Если же в силу обстоятельств разложение трупа достигало такой степени, что взять в руки было практически нечего, разрешалось изготовление «имитации (representation
) [повешенного] в натуральную величину», с которой в дальнейшем и производились все положенные по ритуалу действия. Таким образом достигалось не только восстановление чести и достоинства, но и физической идентичности умершего, что отличало ритуал снятия с виселицы от прочих вариантов светского публичного покаяния[934].Особого внимания во всей этой процедуре заслуживал, вне всякого сомнения, не просто физический контакт судьи и его жертвы (их объятия в буквальном смысле слова), но обязательный поцелуй в губы
, которым виновный награждал умершего. Так вынужден был поступить уже известный нам прево Шато-Тьерри[935]. В упоминавшемся чуть выше деле из Каркассона требование поцеловать в губы всех четырех жертв в окончательном приговоре было отклонено[936]. Ритуал поцелуя, восстанавливая поруганную честь умершего и, одновременно, умаляя достоинство преступника, исполнял функцию отведения агрессии: предотвращал возможность мести со стороны родственников потерпевшего[937]. В этой связи интересно отметить отличие данной процедуры от принятого повсеместно и известного задолго до конца XIV в. обычая обмена поцелуями при заключении мира между противниками – иными словами, между живыми людьми[938]. В случае abus de justice, если жертва также оставалась в живых, просьба о прощении сопровождалась отнюдь не примиряющим поцелуем, но поклоном или даже преклонением колен, что символизировало, скорее, выражение зависимости, подчинение воле другого человека[939]. Клод Говар совершенно справедливо отмечала, что поцелуй, которым награждал судья свою жертву, символизировал союз мертвого и живого тел, попытку хотя бы временно вдохнуть жизнь в останки казненного человека[940]. К сожалению, французская исследовательница не уделила при этом внимания тем метаморфозам, которые, как кажется, претерпевало в тот же момент тело главного действующего лица всего ритуала – самого провинившегося чиновника.Как мы уже знаем, судья представал перед окружающими в одеянии кающегося грешника, символизирующем полный отказ от прежней жизни, стремление начать все с чистого листа.
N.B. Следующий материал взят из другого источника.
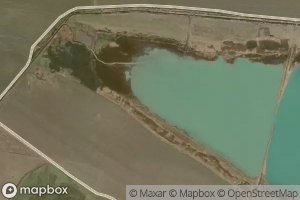 Vodokhranilishche Grushevskoye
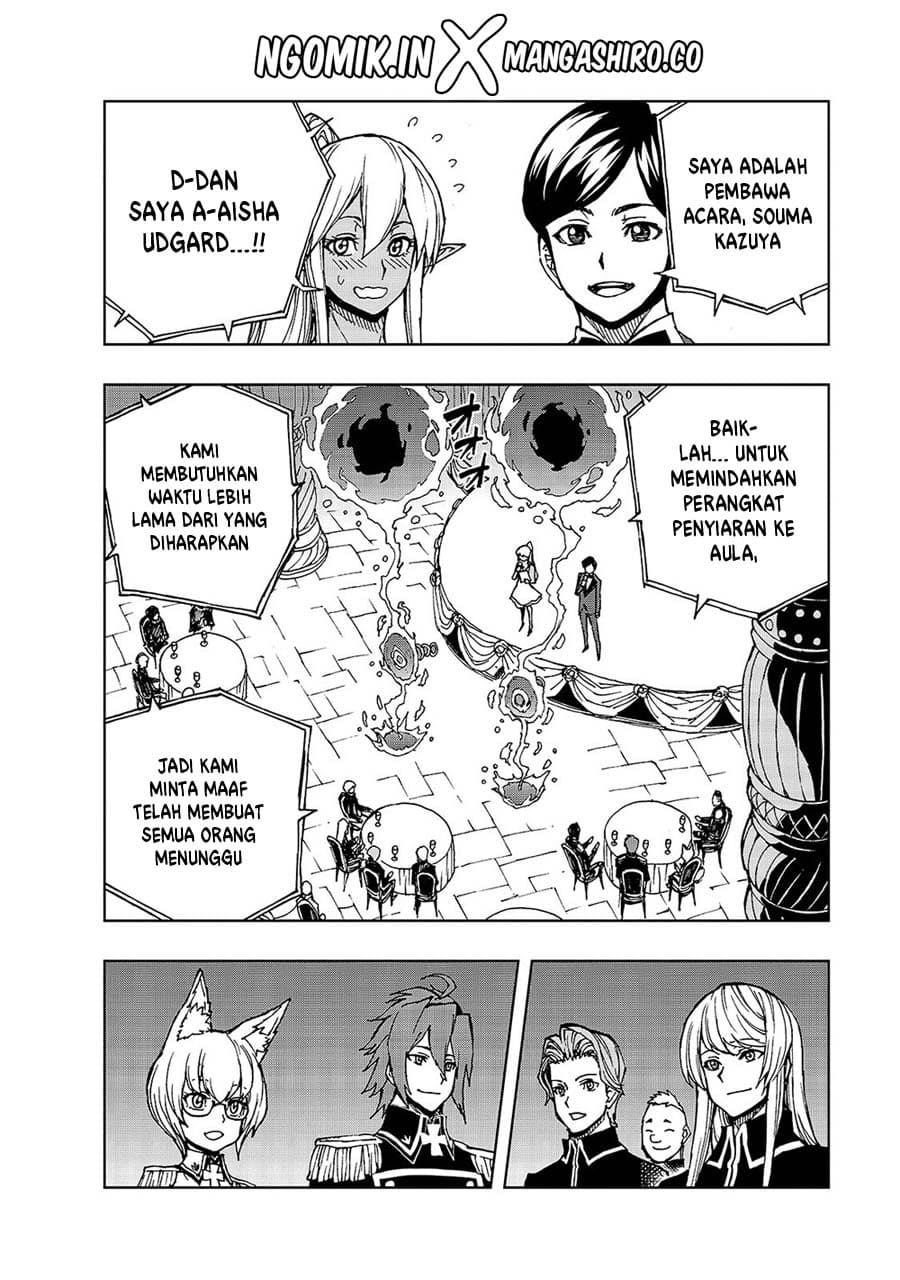 Genjitsu Shugi Yuusha no Oukoku Saikenki Chapter 29 Gambar 17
Любопытно, что внешний вид человека, приносящего публичное покаяние, часто ассоциировался у средневековых авторов с наготой
. Даже будучи одет в нательную рубашку, бре или власяницу, грешник все равно оставался голым, лишенным каких бы то ни было профессиональных и/или социальных отличий[941]. Принося покаяние, человек как бы рождался заново – вернее, из мертвого вновь становился живым.Выше я уже упоминала о том, насколько близка была средневековой религиозной и правовой мысли идея о символической
смерти преступника во время или даже до приведения приговора в исполнение[942]. Как представляется, наиболее последовательно она разрабатывалась как раз применительно к ритуалу публичного покаяния. Уже у Григория Великого на примере истории Лазаря рассматривалась аналогия между жизнью во грехе и смертью, между исповедью и восстанием из гроба: «Каждый грешник, пока он скрывает свой грех, остается пленником, поглощенным мраком. Мертвец возвращается к свету, когда грешник чистосердечно раскаивается в своих ошибках. И так Он сказал Лазарю: “Иди вон”. Как если бы сказали человеку, похоронившему себя во грехе: “Зачем ты прячешь свое преступление внутри себя? Вернись к свету, покаявшись, ты, который погребен из-за отказа исповедоваться”. Пусть выйдет грешник, т. е. пусть он признает свой грех. Ученики развяжут того, кто выйдет из могилы. Точно так же священники должны освободить от наказания того, кто не побоялся признаться в своем прегрешении»[943].